(目的)
第一条 この法律は、持続性の高い農業生産方式の導入を促進するための措置を講ずることにより、環境と調和のとれた農業生産の確保を図り、もって農業の健全な発展に寄与することを目的とする。
(定義)
第二条 この法律において「持続性の高い農業生産方式」とは、土壌の性質に由来する農地の生産力の維持増進その他良好な営農環境の確保に資すると認められる合理的な農業の生産方式であって、次に掲げる技術のすべてを用いて行われるものをいう。
一 たい肥その他の有機質資材の施用に関する技術であって、土壌の性質を改善する効果が高いものとして農林水産省令で定めるもの
二 肥料の施用に関する技術であって、化学的に合成された肥料の施用を減少させる効果が高いものとして農林水産省令で定めるもの
三 有害動植物の防除に関する技術であって、化学的に合成された農薬の使用を減少させる効果が高いものとして農林水産省令で定めるもの
(導入指針)
第三条 都道府県は、当該都道府県における持続性の高い農業生産方式の導入に関する指針(以下「導入指針」という。

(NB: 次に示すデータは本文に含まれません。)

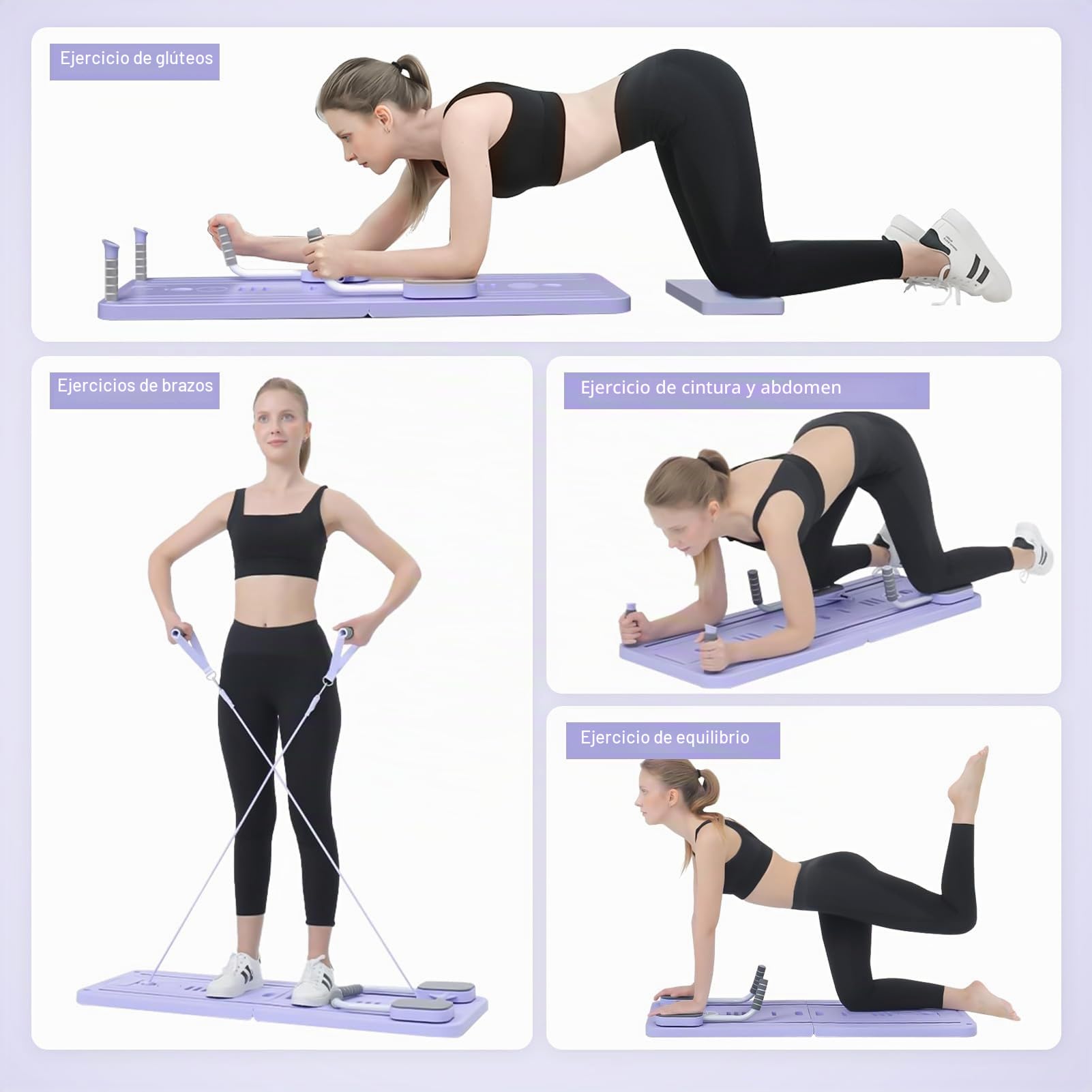 Juego de tablero reformador de pilates 5 en 1 mejorado: tabla de pilates con contador LED, rodillo de rebote automático, tablero central multifuncional plegable para gimnasio en casa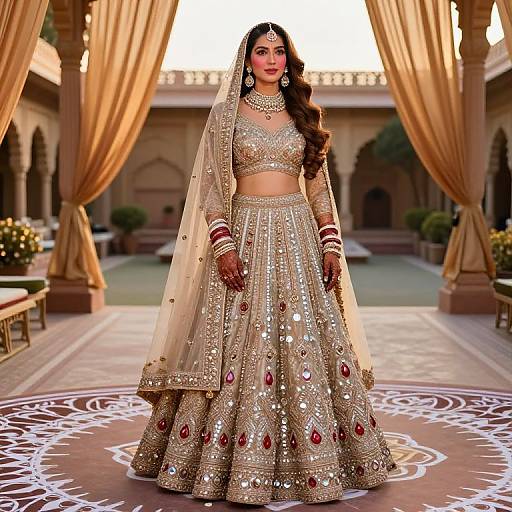 Photograph of a beautiful South Asian woman in an elaborate, gold and red sequined lehenga with a sheer veil, standing in a grand, ar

)を定めるものとする。
2 導入指針においては、都道府県における主要な種類の農作物について、都道府県の区域又は自然的条件を考慮して都道府県の区域を分けて定める区域ごとに、当該農作物及び地域の特性に即し、次に掲げる事項を定めるものとする。
二 前号に該当する農業生産方式の導入の促進を図るための措置に関する事項
3 都道府県は、情勢の推移により必要が生じたときは、導入指針を変更するものとする。
4 都道府県は、導入指針を定め、又はこれを変更したときは、遅滞なく、これを公表しなければならない。
(導入計画の認定)
第四条 農業を営む者は、農林水産省令で定めるところにより、持続性の高い農業生産方式の導入に関する計画(以下「導入計画」という。)を作成し、これを都道府県知事に提出して、当該導入計画が適当である旨の認定を受けることができる。
2 導入計画には、次に掲げる事項を記載しなければならない。
二 前号の目標を達成するために必要な施設の設置、機械の購入その他の措置に関する事項
3 都道府県知事は、第一項の認定の申請があった場合において、その導入計画が導入指針に照らし適切なものであることその他の農林水産省令で定める基準に適合するものであると認めるときは、その認定をするものとする。
(導入計画の変更等)
第五条 前条第一項の認定を受けた者(以下「認定農業者」という。)は、当該認定に係る導入計画を変更しようとするときは、都道府県知事の認定を受けなければならない。
2 都道府県知事は、認定農業者が前条第一項の認定に係る導入計画(前項の規定による変更の認定があったときは、その変更後のもの。以下「認定導入計画」という。)に従って持続性の高い農業生産方式の導入を行っていないと認めるときは、その認定を取り消すことができる。
3 前条第三項の規定は、第一項の認定について準用する。
(農業改良資金助成法の特例)
第六条 農業改良資金助成法(昭和三十一年法律第百二号)第二条第一項の生産方式改善資金のうち政令で定める種類の資金であって、認定農業者が認定導入計画に従って持続性の高い農業生産方式を導入するのに必要なものの償還期間(据置期間を含む。)は、同法第五条第一項の規定にかかわらず、十二年を超えない範囲内で、その種類ごとに、政令で定める期間とする。
(課税の特例)
第七条 認定農業者が認定導入計画に従って取得し、又は製作した機械及び装置については、租税特別措置法(昭和三十二年法律第二十六号)で定めるところにより、課税の特例の適用があるものとする。
(援助)
第八条 国及び都道府県は、認定導入計画の達成のために必要な助言、指導、資金の融通のあっせんその他の援助を行うよう努めるものとする。
(報告徴収)
第九条 都道府県知事は、認定農業者に対し、認定導入計画の実施状況について報告を求めることができる。
(罰則)
第十条 前条の規定による報告をせず、又は虚偽の報告をした者は、十万円以下の罰金に処する。
2 法人の代表者又は法人若しくは人の代理人、使用人その他の従業者が、その法人又は人の業務に関し、前項の違反行為をしたときは、行為者を罰するほか、その法人又は人に対して同項の刑を科する。